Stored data

::::

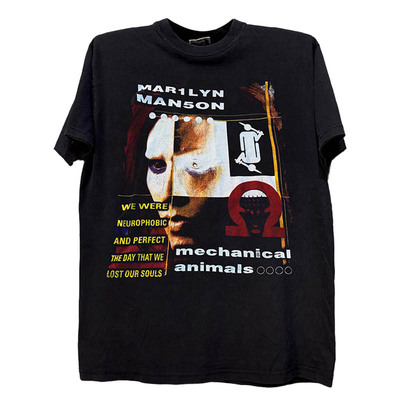 MarilynManson暗黑前卫风短袖
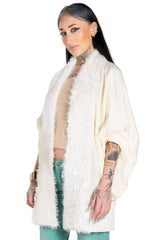 Arctic Chaos Faux Fur Cardigan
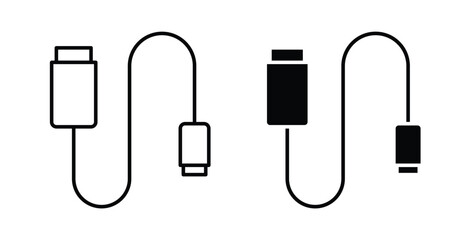 Fototapeta premium USB cable icon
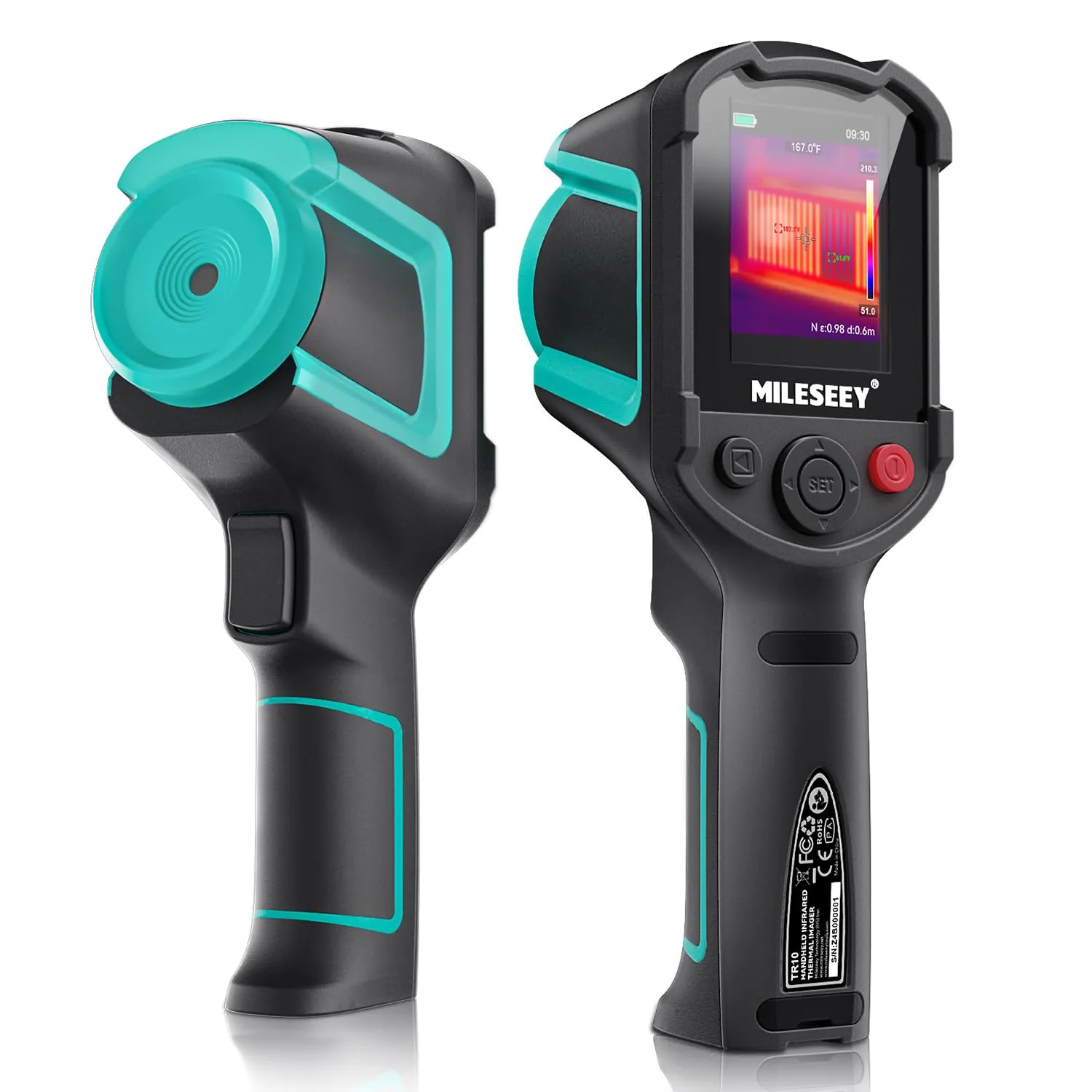 MILESEEY TR10 Thermal Imaging Camera,Super Resolution 240 x 240 Thermal Camera,25 Hz Refresh Rate, -4°F to 1022°F Handheld Infrared Imager,8-Hour Battery Life Infrared Camera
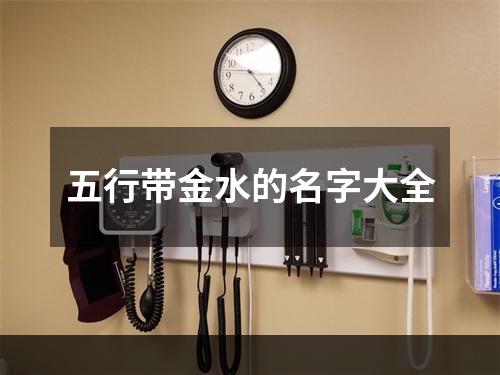 五行带金水的名字大全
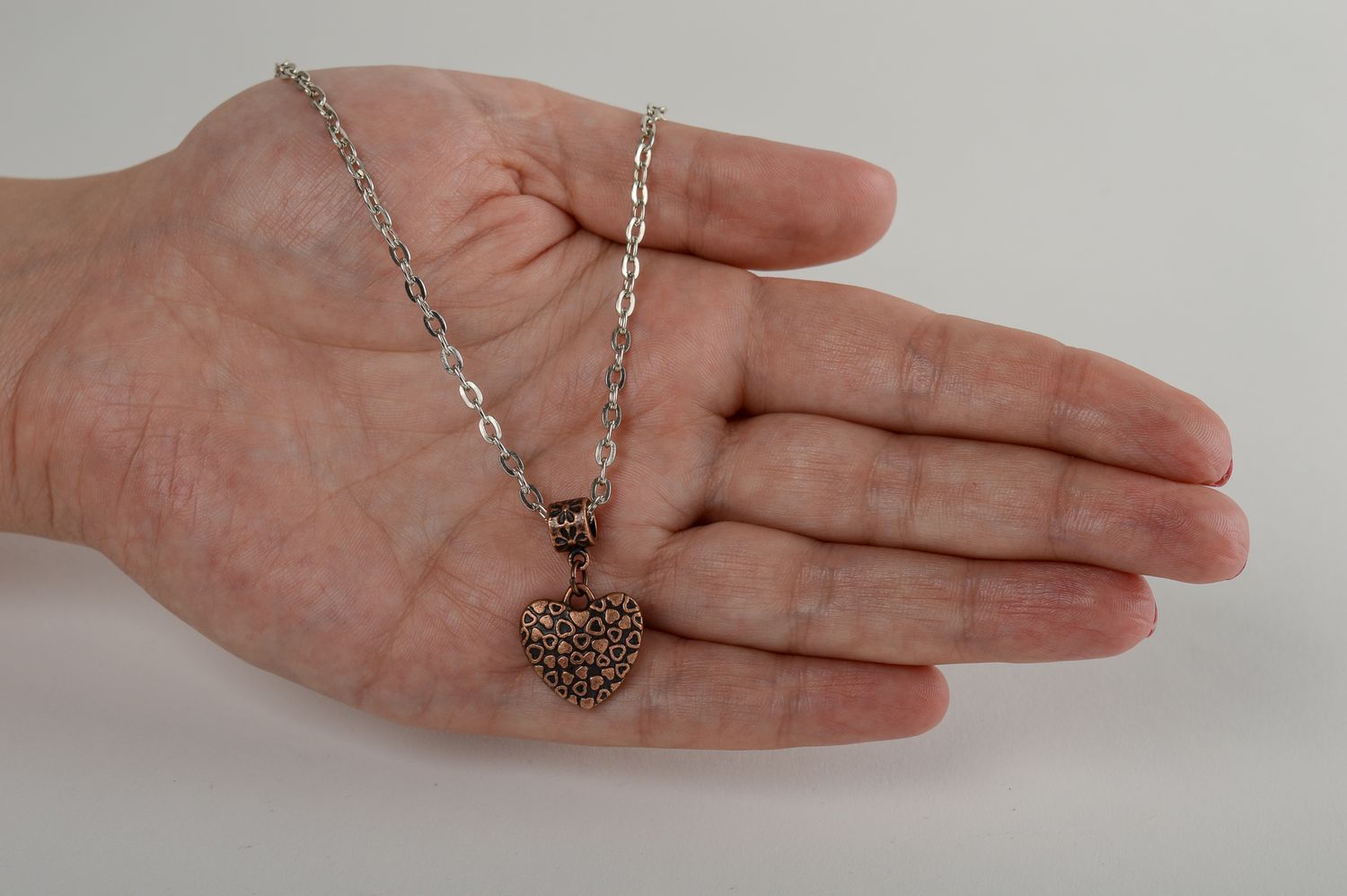 Metal pendant handmade metal jewelry metal accessories designer pendant for girl photo 5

::::

### Work task
Repeat each record exactly as shown above, dropping all images.

### Solved exercise
 MarilynManson暗黑前卫风短袖
 Arctic Chaos Faux Fur Cardigan
 Fototapeta premium USB cable icon
 MILESEEY TR10 Thermal Imaging Camera,Super Resolution 240 x 240 Thermal Camera,25 Hz Refresh Rate, -4°F to 1022°F Handheld Infrared Imager,8-Hour Battery Life Infrared Camera
 五行带金水的名字大全
 Metal pendant handmade metal jewelry metal accessories designer pendant for girl photo 5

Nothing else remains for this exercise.